I was consumed by it, in some ways; I read every book my library had on it, including the Really Big Books from the Adult Section where the librarians would watch me suspiciously. My mother despaired of the stack beside my bed of history books filled with pages and pages of black-and-white skeletons refusing to grin for the Nazi cameras. The interest was a phase not because I stopped being interested in the Holocaust but because I began to realize how very concerned adults were becoming that this was what I chose to read in my off time.
There were two main parts, I think, to why I glutted myself on information of one of the most horrific genocides in world history. One was that I was old enough to understand that pure evil is never pure in humans, which blew my mind. Adolf Hitler was a twisted and broken demon of a man—but he was a man who, in his own way, loved, laughed, believed. The seemingly bottomless well of hate he contained was not from his being an otherwordly spirit of destruction, although it seems that way sometimes. He lived and died as human as I am—and that baffled me. The other was that people survived this. The Holocaust victims who lived—who live still, though in fewer numbers as age catches them—were an incredible source of hope to 10-year-old me, proof that you could go through Hell and come out the other side. I was just beginning to appreciate what dying actually meant, and to see the people who had looked Death in the face and come back was terribly powerful.
I am still drawn to this, now that I am old enough to know to hide that behind academic fascination and righteous outrage, perhaps for the same reasons. So it was doubly intense that Interpreter should loan me this Wolloch Haggadah, a Pessach (Passover) haggadah (script) specifically wrapped around the memory of the Holocaust.
He’d loaned me another haggadah, if you remember, geared more towards kids.
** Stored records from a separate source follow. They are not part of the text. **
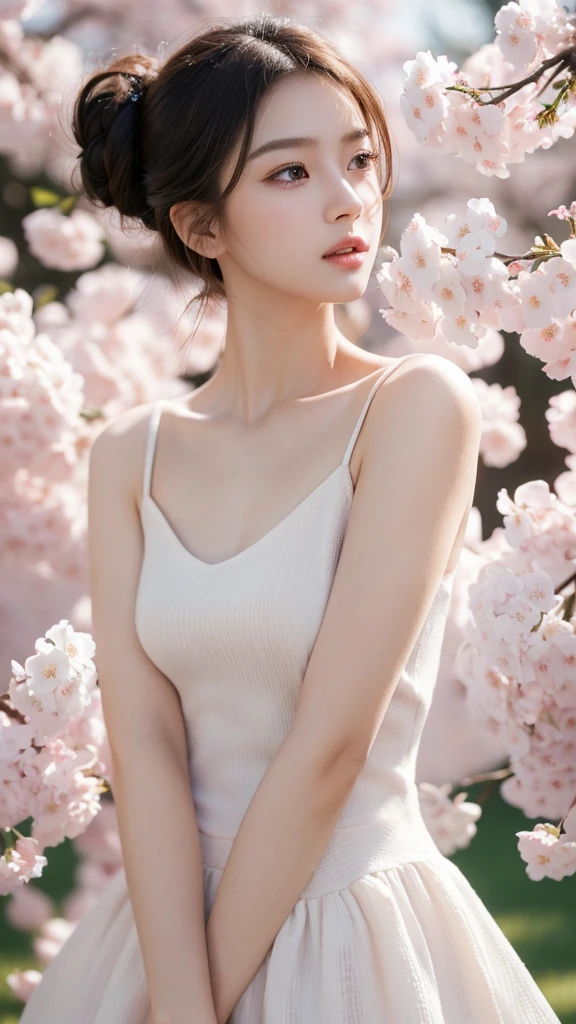 (masterpiece:1.3), (8k, Photoreal, RAW photo, best image quality: 1.4), (beautiful cherry blossom scenery,Walking along the cherry blossom trees),Instagram beauty,20 year old girl、(stylish knit dress)(random hairstyle:1.2)、super detail face、pay attention to details、double eyelid、sharp focus:1.2、Beautiful woman:1.4、light brown hair、highest quality、masterpiece、(Photoreal:1.4)、Highly detailed and professional lighting、Fashion Model、serious expression、short hair、transparent skin、random pose、shining hair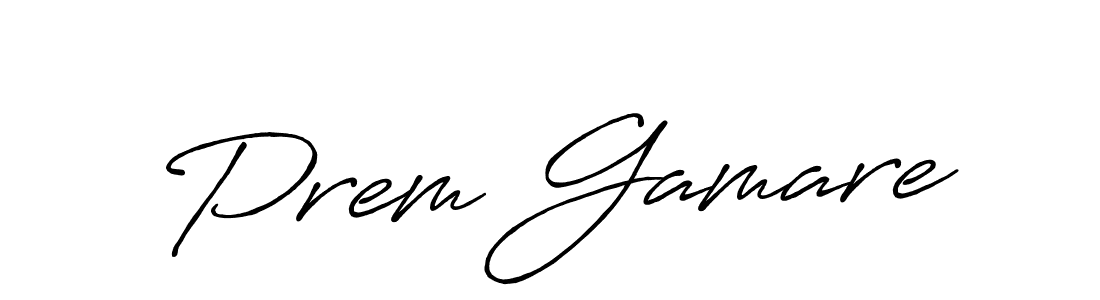 Design your own signature with our free online signature maker. With this signature software, you can create a handwritten (Antro_Vectra_Bolder) signature for name Prem Gamare. Prem Gamare signature style 7 images and pictures png
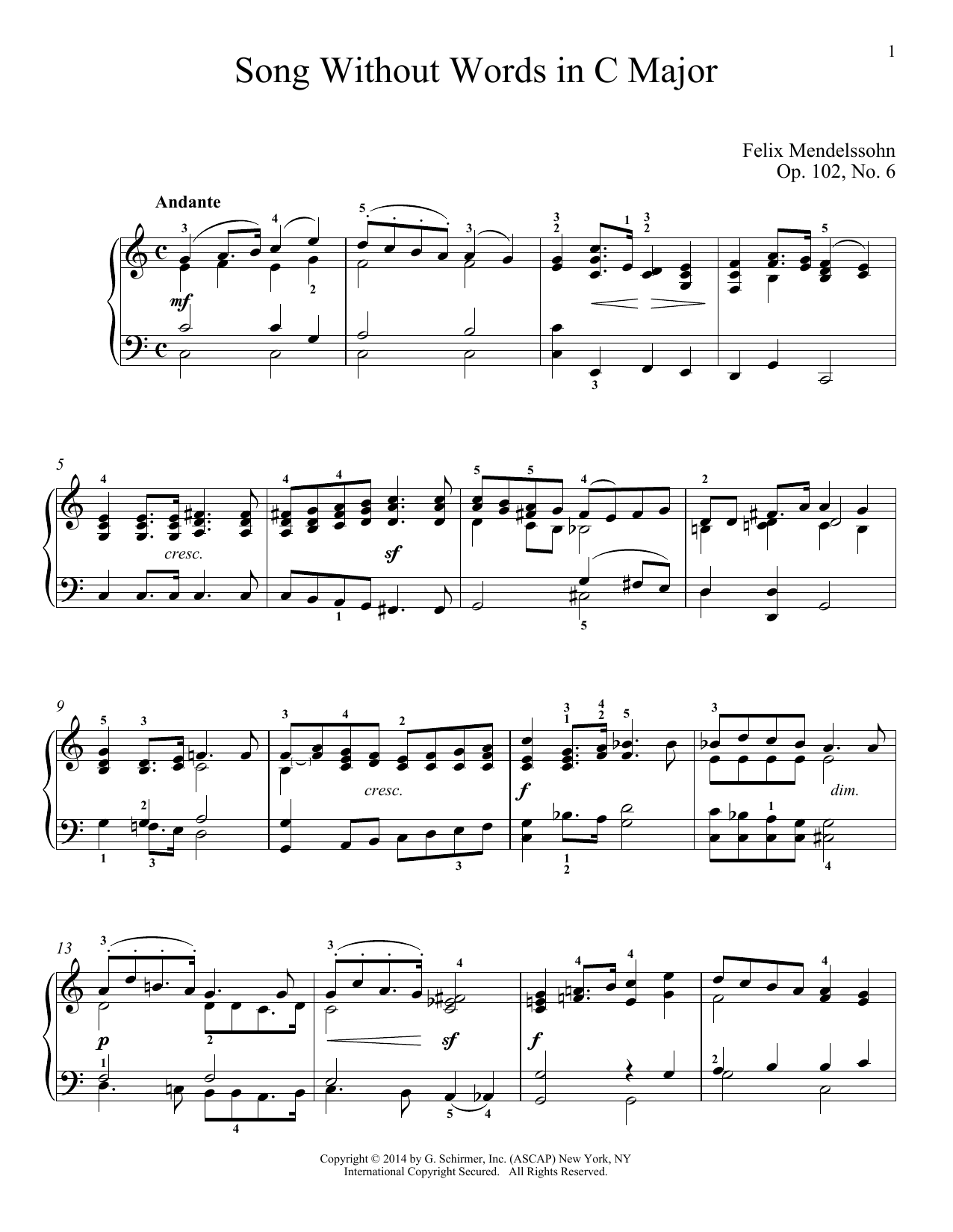 Product gallery: Page 1 of 1 Song Without Words In C Major, Op. 102, No. 6, Felix Mendelssohn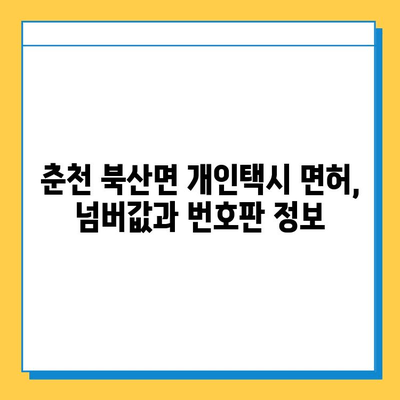 강원도 춘천시 북산면 개인택시 면허 매매| 오늘 시세, 자격조건, 월수입, 양수교육 상세 가이드 | 넘버값, 번호판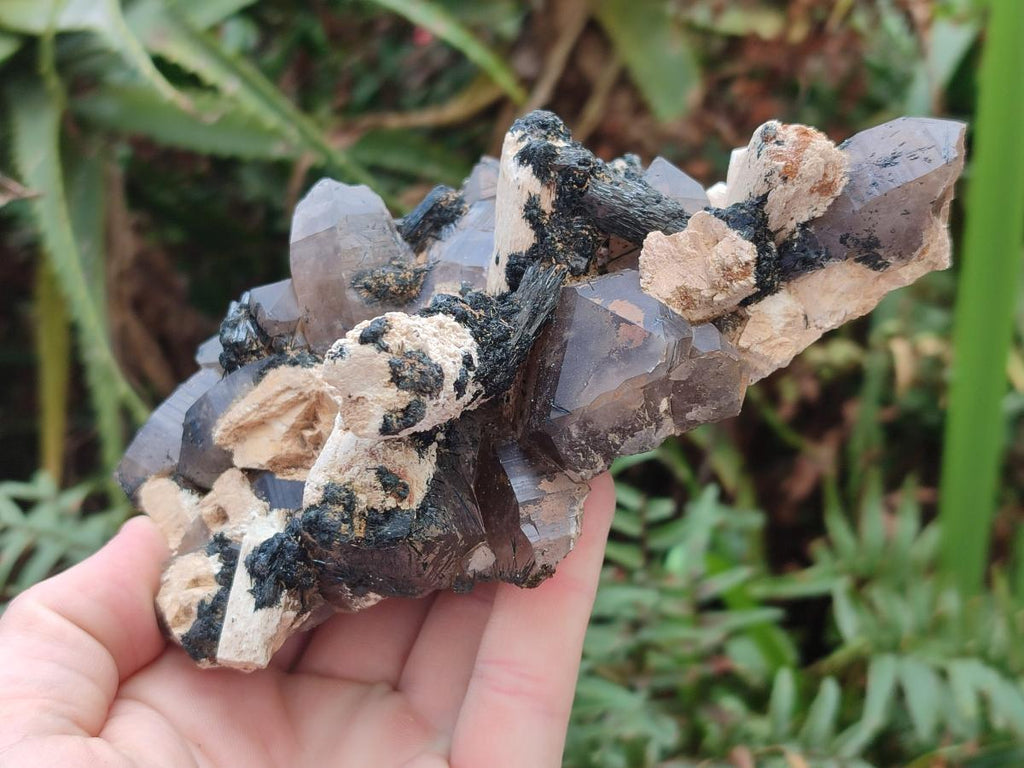 Natural Smokey Quartz Clusters with Associated Minerals x 2 From Erongo, Namibia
This one is, in many ways, much plainer. Each page is English facing Hebrew; since I don’t understand Hebrew, I don’t know if it’s a direct translation or more of a general idea. I think it’s pretty close, though, because there’s a lot of repetition in the rite and even I can see that in both alphabets. The Hebrew is all in calligraphic script done beautifully by Yonah Weinrib. Even on the pages where there are no illustrations (which get more numerous as the book go on) the script itself is the art calligraphy is meant to be.
The thing about the haggadah as a rite is that it is meant to remind the Jewish people of God’s mercy toward them. God’s Spirit passed over their houses in the last of the plagues against Egypt, severing their bonds of slavery by utterly pinning Pharaoh to the floor, killing every firstborn of the Egyptians. I’ve always had a bit of trouble with that, for the obvious reason of whoa-God-killing-children but also for the Egyptians who were not part of this and their grief seemingly unearned.
Yet they were part of this. They were every person who did not say, “the Jews are not ours to own.” They were the people who admired the wonders of Pharaoh and did nothing about the blood on which they were built. It is not surprising, then, that David Wander had so much to work with in his illustrations for this book and the stark parallels between the Jewish exodus from Egypt and the attempted destruction of the Jews in the Holocaust. (There’s a really great explanatory article here, if you have the time.) The world was the Egyptians; the world watched Hitler ascend and did nothing, did not believe—still does not believe, to some extent. There was a professor at my undergrad who flatly denied that the Holocaust happened; she felt that there had been some small scale violence against Jews that they had then exaggerated.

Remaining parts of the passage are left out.